A Difference between Difference and Sin

Adivasi Women Dancing

For centuries, strategic missions organizations in Europe sent workers by ship or caravan to the most remote reaches of trade routes and beyond. The wild interior of Africa, the savage lands of the New World, the heathen masses of the Indian subcontinent, the exotic peoples of Southeast Asia, and the seemingly countless but interconnected micro societies scattered across the South Pacific. All these peoples — assuming the powers that be considered them to be people at the time — needed to hear the Gospel, so missionaries were sent.

Not to their Liking

They were different from the European homeland, so they must be sinful.

Often these men and women were ill prepared for what awaited them, and culture shock would be a kind label for their experience. Curious about these distinct people yet nonetheless raised and trained within the prim and proper European culture, their sensibilities were highly offended by what they found.

The ancestral honor of the Japanese, the bare-breasted women of the African interior, the Confucian social customs of the Far East, and the public sexuality of some Polynesian islands were rapidly condemned as idolatry, indecency, paganism, and hedonism by the new arrivals, long before they had been there long enough to understand the culture, purpose, and spiritual influence (if any) behind these practices. They were different from the European homeland, so they must be sinful.

Not the First Time

The great irony, of course, is that European culture was not Christianity’s native culture either. The Hebrews of Judea, Galilee, and Samaria held that privilege, and they had a very different culture from Europe.

In fact, this created no end of strife in the early church, for the Jews made the same mistakes with Rome and other Gentiles that European missionaries made with the wider world: they considered their own cultures and customs godly and therefore to be enforced upon converts.

Paul, the first major missionary (or apostle, as opposed to “Apostle” which he was as well), spent a great deal of time and energy combatting this narrow thinking that would practically require conversion to Judaism prior to conversion to Christianity. The Jews expected circumcision, Passover, and other Hebrew customs to be propagated among any Gentiles with Christian leanings, but Paul faced frequent condemnation and accusation of heresy when he countered this claim.

Provided customs didn’t actually serve other gods or embrace sinful lifestyles, he argued that culture was irrelevant; only Christ mattered. The rest were different, not sinful.

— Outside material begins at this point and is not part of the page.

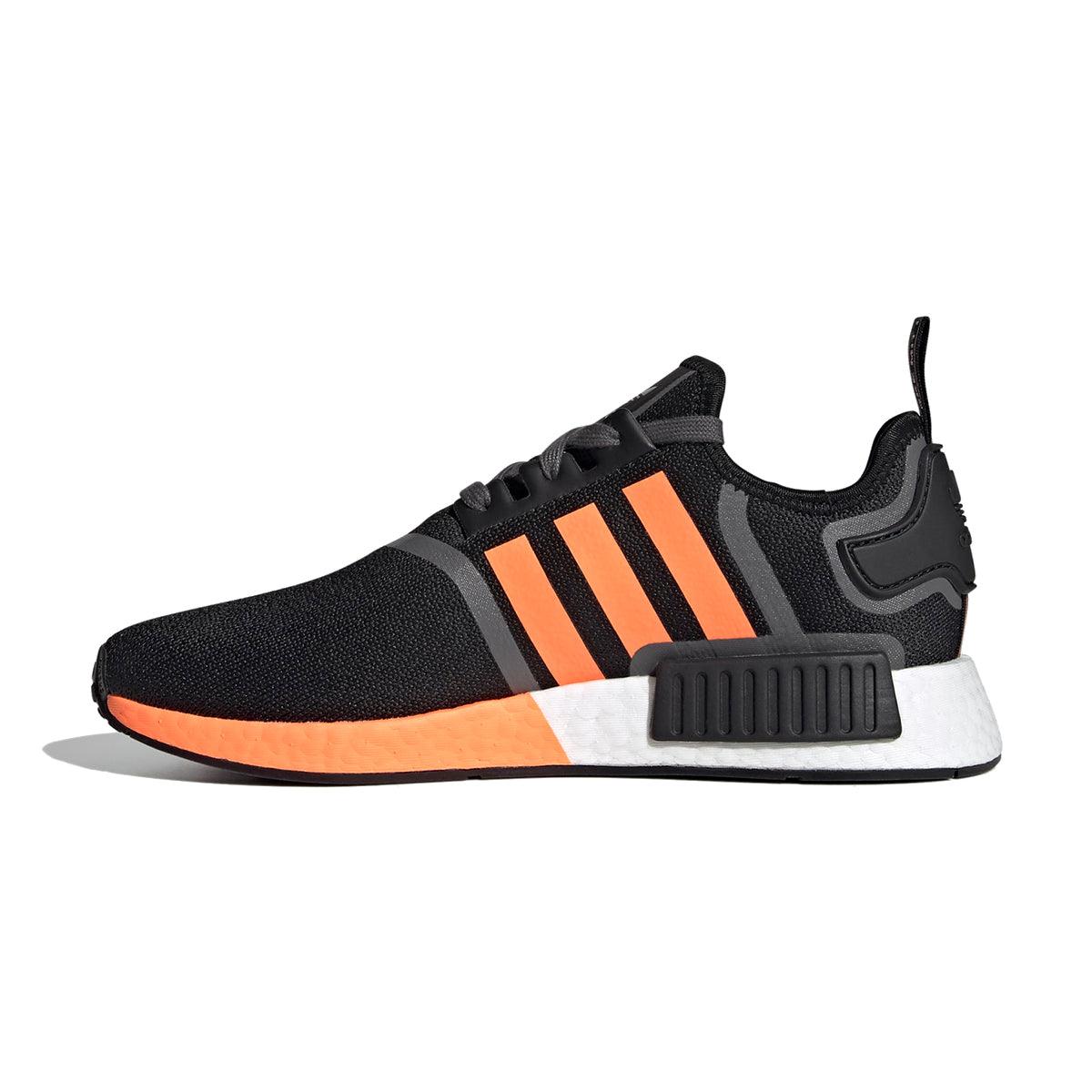 NMD_R1 'Black Screaming Orange'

For the early apostolic church, this required scrutiny and deliberation because it meant the same godly principles were applied differently within different cultures. Paul took time to follow this model. For example, in Corinth, where pagan priestesses and ceremonial prostitutes often went about bareheaded, and teaching and proclaiming their gods’ words in temples, Paul instructs women to cover their heads and remain silent in church. Yet, we see no indication that he gave the same instruction to the church in Philippi. Why not?

Because godliness was applied to the local culture. This was a very distinct model from the cultural transplant the Jews intended. And we’ll note who was more successful at reaching the Gentiles: Paul or the entirety of the Jewish congregation. It’s a landslide!

Around the World

Fifteen hundred years later, the problem has been repeating itself over and over throughout the known world. And the gospel of Jesus Christ was greeted with the same condemnation and animosity the would-be apostles brought with them, but often with far more brutal results.

In Japan, where we condemned the private rituals that honored ancestral heritage as “worship of the dead”, Christians were tolerated, then persecuted, then slaughtered, leaving the islands darkened and generally gospel-free for generations. The locals of China had a similar response when we insisted the markedly secular teachings of Confucius were universally religious in nature and therefore pagan.

The gospel of Jesus Christ was greeted with the same condemnation and animosity the would-be apostles brought with them, but often with far more brutal results.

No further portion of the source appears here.